Our proprietary manufacturing processes ensure poling uniformity and crystal quality that maximize conversion efficiency while minimizing unwanted effects like beam distortion or spectral broadening.

SFG technology enables breakthrough capabilities across diverse industrial and scientific domains, with Raicol’s crystals powering applications worldwide in leading research institutions and commercial systems:

• Biomedical and Life Sciences – Our PPKTP crystals enable advanced nonlinear microscopy techniques for high-resolution biological imaging, allowing researchers to visualize cellular structures and molecular processes with minimal photodamage. The Type-0 and Type-II phase matching options provide flexibility for optimizing signal-to-noise ratios in challenging biological environments.

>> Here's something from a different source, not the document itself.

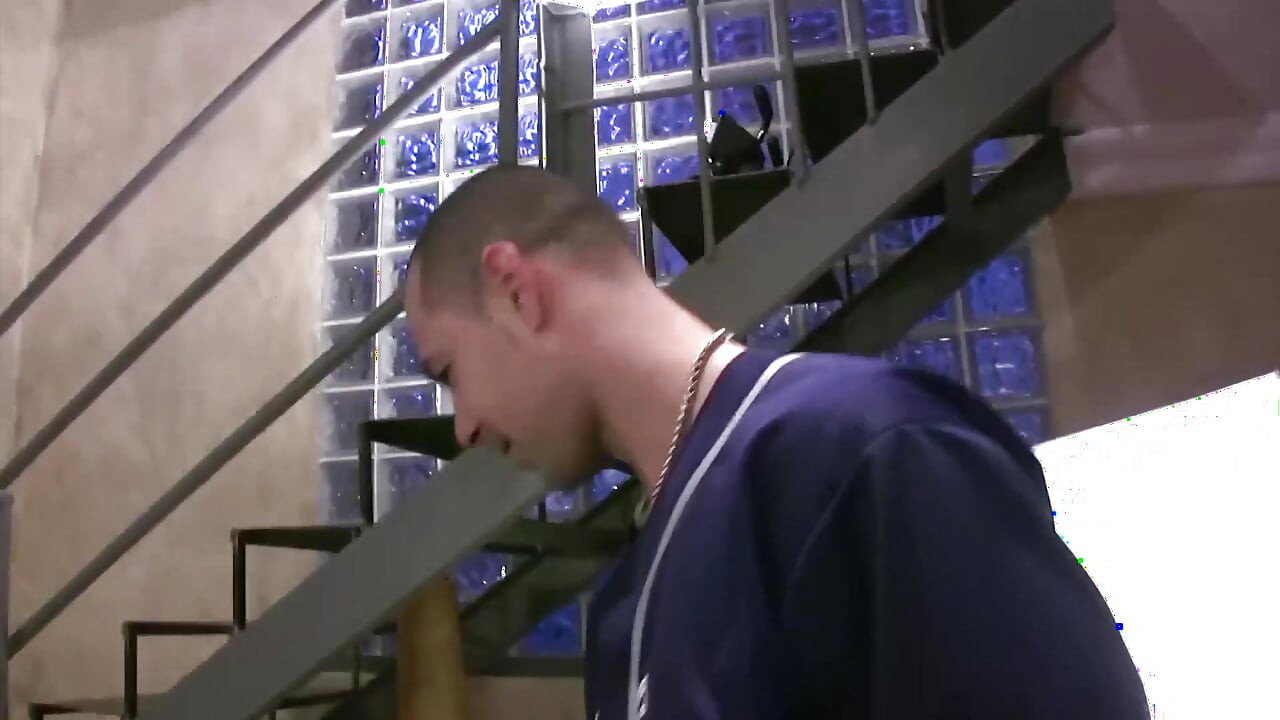 Chica de gran culo perforada ordeñada en sus grandes tetas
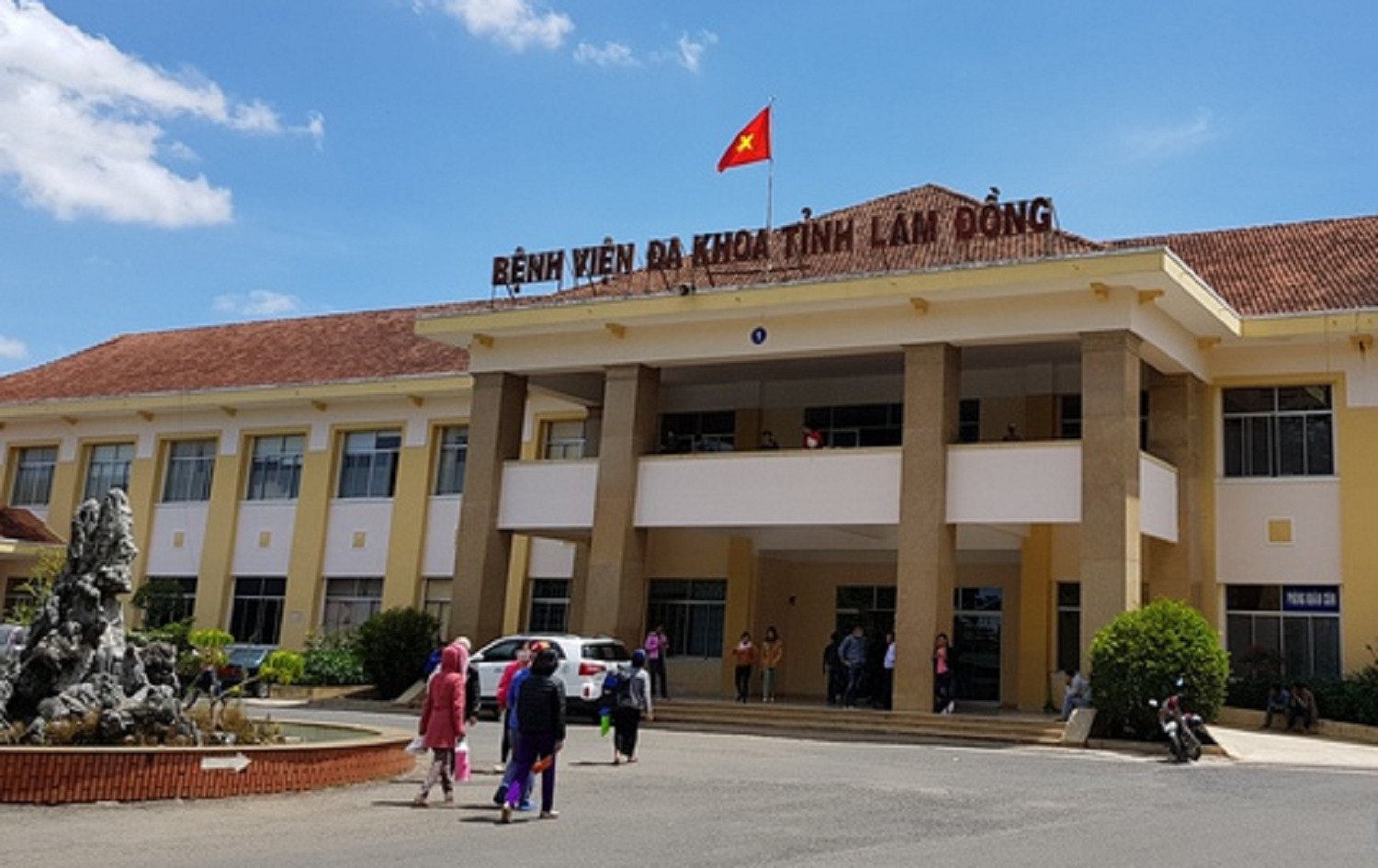 Mổ nhầm bệnh nhân ở Bệnh viện Đa khoa Lâm Đồng: Bộ Y tế yêu cầu xác minh, xử lý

• Materials Science and Surface Analysis – BBO and LBO crystals from Raicol facilitate precise molecular structure analysis at surfaces and interfaces. The ultra-low absorption and exceptional surface quality of our Super Polished LBO (≤3Å RMS roughness) ensure measurement accuracy in demanding surface science applications.
• Quantum Photonics and Communications – Our quantum-grade PPKTP and apKTP crystals serve as the foundation for photon pair generation, quantum entanglement, and frequency conversion in quantum communication systems. Raicol Quantum division has optimized these crystals for leading quantum research labs globally, supporting applications from quantum computing to satellite-based quantum key distribution.
• Defense and Aerospace Laser Systems – HGTR KTP crystals designed by Raicol enable high-power laser frequency conversion for range finding, LIDAR, and directed energy applications. These crystals withstand power densities up to 5 kW/cm² while maintaining exceptional beam quality and long-term stability in harsh environments.
• Industrial Laser Manufacturing – Our KTP and PPKTP crystals power green laser systems used in precision micromachining, display technology, and materials processing. The non-hygroscopic nature and thermal stability of these crystals ensure reliable performance in industrial environments.
• Spectroscopy and Analytical Instrumentation – PPLN and ppSLT crystals enable mid-infrared frequency generation for chemical analysis, environmental monitoring, and process control applications. The broad transparency ranges and high nonlinear coefficients make possible compact, efficient analytical instruments.
• Telecommunications and Datacom – Raicol’s crystals support wavelength conversion technologies essential for optical networking, enabling efficient frequency translation between communication bands and supporting the infrastructure of modern telecommunications.